• **INFORMATION SHOWN**:
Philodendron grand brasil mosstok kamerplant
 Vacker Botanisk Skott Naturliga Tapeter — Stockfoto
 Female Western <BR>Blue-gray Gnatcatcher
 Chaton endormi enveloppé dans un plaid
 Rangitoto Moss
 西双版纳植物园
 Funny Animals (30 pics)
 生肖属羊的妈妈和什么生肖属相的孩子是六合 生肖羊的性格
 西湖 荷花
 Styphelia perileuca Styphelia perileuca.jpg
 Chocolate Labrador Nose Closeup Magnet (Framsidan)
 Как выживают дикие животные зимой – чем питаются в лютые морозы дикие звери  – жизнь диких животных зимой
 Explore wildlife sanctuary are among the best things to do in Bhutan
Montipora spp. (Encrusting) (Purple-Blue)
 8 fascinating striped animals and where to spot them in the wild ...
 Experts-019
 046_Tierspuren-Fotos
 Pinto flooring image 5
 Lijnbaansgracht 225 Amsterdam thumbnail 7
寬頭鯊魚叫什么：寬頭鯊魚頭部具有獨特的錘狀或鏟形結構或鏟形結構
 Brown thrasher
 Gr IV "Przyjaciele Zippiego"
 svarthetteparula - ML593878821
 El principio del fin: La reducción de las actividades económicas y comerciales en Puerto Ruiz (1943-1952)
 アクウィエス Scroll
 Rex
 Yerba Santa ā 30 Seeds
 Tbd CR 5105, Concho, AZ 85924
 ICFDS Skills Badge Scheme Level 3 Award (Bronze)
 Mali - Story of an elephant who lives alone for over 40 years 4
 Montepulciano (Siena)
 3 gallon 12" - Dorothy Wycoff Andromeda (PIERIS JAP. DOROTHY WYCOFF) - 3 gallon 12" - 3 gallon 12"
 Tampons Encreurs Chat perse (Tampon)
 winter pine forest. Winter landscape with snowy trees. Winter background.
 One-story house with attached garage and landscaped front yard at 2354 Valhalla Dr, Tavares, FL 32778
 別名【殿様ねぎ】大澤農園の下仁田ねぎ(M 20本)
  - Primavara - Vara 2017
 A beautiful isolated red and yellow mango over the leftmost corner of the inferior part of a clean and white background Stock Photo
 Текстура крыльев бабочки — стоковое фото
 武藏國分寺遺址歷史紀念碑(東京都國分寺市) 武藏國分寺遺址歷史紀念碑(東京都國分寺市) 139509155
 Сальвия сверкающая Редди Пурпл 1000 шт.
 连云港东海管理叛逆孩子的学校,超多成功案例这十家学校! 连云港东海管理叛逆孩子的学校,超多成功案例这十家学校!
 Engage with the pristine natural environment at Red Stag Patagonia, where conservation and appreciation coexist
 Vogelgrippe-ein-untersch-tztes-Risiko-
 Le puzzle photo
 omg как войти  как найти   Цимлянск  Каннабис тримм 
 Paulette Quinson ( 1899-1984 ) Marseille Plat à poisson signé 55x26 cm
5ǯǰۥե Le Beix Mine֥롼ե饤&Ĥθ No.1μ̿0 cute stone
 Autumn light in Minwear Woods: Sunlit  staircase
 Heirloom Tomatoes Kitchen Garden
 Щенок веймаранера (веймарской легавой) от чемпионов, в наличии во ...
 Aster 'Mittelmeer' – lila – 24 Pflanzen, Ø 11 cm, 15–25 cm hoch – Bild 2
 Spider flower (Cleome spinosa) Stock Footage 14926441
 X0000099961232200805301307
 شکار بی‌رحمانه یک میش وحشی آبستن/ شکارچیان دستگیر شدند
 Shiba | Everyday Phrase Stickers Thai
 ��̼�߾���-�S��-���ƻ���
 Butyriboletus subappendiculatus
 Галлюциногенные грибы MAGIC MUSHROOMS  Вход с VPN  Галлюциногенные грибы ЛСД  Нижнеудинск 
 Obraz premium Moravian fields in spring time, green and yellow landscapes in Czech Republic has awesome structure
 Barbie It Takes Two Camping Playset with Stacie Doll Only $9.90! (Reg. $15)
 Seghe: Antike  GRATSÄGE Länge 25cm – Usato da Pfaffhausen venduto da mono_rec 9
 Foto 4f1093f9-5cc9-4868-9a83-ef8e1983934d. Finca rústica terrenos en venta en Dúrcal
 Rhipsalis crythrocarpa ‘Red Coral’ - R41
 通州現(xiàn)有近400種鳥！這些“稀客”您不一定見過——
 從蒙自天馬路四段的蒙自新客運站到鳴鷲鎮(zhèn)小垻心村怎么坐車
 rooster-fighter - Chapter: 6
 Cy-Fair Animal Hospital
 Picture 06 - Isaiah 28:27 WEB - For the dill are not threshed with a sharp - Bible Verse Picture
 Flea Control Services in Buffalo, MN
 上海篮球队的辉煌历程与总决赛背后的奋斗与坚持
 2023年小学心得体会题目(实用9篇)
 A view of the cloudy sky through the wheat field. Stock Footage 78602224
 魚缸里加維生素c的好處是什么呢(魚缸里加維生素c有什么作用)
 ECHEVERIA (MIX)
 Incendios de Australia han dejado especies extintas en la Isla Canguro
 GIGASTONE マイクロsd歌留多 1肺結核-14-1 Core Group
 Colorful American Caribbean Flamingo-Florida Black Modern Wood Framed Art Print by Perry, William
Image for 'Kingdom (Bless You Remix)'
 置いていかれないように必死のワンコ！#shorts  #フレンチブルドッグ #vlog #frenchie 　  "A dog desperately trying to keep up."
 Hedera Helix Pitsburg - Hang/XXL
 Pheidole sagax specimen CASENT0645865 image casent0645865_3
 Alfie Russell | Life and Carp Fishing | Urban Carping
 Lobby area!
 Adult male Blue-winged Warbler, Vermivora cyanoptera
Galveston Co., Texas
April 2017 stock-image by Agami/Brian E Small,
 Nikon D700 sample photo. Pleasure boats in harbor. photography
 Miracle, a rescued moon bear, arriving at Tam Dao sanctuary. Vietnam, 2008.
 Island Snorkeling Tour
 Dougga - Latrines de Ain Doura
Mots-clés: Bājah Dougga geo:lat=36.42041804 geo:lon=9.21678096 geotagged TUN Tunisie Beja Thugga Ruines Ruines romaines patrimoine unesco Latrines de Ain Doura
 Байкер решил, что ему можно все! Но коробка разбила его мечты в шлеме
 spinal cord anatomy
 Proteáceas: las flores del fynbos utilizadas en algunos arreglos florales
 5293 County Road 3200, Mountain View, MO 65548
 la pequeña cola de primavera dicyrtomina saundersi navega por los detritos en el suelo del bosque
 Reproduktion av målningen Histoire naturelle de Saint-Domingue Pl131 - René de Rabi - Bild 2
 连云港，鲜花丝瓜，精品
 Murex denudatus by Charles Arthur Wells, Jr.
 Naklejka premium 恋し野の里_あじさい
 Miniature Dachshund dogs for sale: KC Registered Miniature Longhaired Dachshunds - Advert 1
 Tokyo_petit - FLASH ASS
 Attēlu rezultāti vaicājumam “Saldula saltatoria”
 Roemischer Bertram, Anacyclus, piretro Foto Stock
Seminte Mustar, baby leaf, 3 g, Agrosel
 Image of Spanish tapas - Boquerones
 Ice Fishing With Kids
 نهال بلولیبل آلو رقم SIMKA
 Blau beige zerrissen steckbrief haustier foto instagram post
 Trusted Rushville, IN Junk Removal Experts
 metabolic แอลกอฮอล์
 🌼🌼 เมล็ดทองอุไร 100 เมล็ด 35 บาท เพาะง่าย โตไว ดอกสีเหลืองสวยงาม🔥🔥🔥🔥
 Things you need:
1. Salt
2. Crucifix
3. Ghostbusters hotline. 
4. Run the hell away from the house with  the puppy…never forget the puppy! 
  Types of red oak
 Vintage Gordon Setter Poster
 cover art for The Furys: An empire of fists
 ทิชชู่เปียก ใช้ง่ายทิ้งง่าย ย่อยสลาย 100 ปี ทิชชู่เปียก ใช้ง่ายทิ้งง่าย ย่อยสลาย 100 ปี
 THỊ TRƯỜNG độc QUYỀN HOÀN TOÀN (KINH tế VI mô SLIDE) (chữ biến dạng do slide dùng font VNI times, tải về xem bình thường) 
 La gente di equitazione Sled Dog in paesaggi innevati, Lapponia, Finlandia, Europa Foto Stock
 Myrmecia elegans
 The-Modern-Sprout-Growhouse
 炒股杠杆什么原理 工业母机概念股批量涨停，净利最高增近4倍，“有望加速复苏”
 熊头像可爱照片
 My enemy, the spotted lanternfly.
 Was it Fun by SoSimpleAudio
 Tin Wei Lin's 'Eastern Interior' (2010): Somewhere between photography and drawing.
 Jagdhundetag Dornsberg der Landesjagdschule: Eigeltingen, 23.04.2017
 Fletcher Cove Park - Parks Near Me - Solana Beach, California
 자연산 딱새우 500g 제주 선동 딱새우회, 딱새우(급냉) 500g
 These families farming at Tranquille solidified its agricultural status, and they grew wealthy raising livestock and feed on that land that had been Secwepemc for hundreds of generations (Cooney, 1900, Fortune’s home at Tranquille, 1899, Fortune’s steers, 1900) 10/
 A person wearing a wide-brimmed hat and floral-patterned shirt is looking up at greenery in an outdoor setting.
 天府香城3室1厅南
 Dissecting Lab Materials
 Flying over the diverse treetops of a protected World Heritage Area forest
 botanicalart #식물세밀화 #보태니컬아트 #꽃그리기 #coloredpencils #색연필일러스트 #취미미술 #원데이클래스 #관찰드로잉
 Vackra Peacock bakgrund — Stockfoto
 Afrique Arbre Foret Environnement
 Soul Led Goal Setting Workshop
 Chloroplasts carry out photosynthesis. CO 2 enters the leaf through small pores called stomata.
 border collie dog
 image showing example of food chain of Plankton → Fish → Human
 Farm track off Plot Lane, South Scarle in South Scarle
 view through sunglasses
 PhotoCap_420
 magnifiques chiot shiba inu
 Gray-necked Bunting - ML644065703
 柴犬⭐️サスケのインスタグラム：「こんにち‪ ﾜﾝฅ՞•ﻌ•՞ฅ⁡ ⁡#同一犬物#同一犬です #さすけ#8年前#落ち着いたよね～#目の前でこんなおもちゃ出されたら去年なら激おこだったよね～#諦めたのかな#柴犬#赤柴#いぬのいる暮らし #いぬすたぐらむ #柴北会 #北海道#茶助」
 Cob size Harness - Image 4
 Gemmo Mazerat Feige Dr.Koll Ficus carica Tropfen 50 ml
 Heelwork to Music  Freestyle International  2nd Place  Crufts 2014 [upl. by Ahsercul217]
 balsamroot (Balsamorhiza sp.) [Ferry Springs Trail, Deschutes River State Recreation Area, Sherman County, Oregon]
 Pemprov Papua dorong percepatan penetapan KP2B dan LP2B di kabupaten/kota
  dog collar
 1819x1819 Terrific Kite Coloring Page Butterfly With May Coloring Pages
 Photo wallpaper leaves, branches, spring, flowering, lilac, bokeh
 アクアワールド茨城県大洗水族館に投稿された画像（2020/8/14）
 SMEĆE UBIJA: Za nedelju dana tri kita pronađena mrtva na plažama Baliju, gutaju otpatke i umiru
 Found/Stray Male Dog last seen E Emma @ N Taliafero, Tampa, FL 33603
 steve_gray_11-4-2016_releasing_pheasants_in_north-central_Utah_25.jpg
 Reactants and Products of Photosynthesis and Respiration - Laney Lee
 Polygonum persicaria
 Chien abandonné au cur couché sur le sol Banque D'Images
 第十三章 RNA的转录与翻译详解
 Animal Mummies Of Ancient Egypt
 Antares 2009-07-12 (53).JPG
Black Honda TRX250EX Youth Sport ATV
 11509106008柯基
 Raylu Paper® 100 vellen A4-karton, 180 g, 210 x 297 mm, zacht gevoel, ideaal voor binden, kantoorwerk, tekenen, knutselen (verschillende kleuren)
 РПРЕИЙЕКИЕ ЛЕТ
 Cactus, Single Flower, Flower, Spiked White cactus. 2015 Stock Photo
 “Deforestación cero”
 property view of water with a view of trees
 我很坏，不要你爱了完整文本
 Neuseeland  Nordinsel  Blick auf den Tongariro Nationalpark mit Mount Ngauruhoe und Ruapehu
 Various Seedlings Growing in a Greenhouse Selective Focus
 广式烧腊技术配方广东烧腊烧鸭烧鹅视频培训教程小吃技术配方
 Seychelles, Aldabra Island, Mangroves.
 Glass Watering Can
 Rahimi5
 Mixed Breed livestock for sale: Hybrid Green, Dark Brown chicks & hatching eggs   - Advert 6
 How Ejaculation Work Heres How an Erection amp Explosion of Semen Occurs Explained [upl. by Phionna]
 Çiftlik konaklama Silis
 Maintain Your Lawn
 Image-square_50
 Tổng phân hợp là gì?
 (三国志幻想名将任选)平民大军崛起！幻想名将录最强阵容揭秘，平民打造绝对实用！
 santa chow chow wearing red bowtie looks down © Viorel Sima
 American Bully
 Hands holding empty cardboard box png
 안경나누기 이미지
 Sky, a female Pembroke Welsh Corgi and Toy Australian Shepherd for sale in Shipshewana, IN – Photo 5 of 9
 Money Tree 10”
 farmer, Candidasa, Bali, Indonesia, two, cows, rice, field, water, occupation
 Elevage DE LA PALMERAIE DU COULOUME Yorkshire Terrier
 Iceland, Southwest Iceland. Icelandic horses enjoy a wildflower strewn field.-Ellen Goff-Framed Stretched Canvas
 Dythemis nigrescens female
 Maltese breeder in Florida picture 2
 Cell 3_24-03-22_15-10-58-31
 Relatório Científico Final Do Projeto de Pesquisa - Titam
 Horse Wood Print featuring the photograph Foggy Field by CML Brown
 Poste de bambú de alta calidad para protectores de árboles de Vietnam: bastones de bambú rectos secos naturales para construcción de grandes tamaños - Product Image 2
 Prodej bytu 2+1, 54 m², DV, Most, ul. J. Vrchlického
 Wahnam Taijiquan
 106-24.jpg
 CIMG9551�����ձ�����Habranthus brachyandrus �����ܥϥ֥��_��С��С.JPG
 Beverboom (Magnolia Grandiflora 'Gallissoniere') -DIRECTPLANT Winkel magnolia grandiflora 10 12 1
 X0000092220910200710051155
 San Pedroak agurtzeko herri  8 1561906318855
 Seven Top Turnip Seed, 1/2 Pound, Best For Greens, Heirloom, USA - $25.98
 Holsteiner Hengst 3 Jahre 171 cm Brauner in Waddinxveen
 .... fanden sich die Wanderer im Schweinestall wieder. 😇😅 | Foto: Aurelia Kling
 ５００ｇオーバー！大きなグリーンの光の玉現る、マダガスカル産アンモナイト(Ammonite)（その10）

• **PROBLEM DESCRIPTION**: Above are some records; copy exactly the lines from the one with "نهال بلولیبل آلو رقم SIMKA" through the one with "ทิชชู่เปียก ใช้ง่ายทิ้งง่าย ย่อยสลาย 100 ปี ทิชชู่เปียก", both included, and no others.

• **ANSWER BOX**:
 نهال بلولیبل آلو رقم SIMKA
 Blau beige zerrissen steckbrief haustier foto instagram post
 Trusted Rushville, IN Junk Removal Experts
 metabolic แอลกอฮอล์
 🌼🌼 เมล็ดทองอุไร 100 เมล็ด 35 บาท เพาะง่าย โตไว ดอกสีเหลืองสวยงาม🔥🔥🔥🔥
 Things you need:
1. Salt
2. Crucifix
3. Ghostbusters hotline. 
4. Run the hell away from the house with  the puppy…never forget the puppy! 
  Types of red oak
 Vintage Gordon Setter Poster
 cover art for The Furys: An empire of fists
 ทิชชู่เปียก ใช้ง่ายทิ้งง่าย ย่อยสลาย 100 ปี ทิชชู่เปียก ใช้ง่ายทิ้งง่าย ย่อยสลาย 100 ปี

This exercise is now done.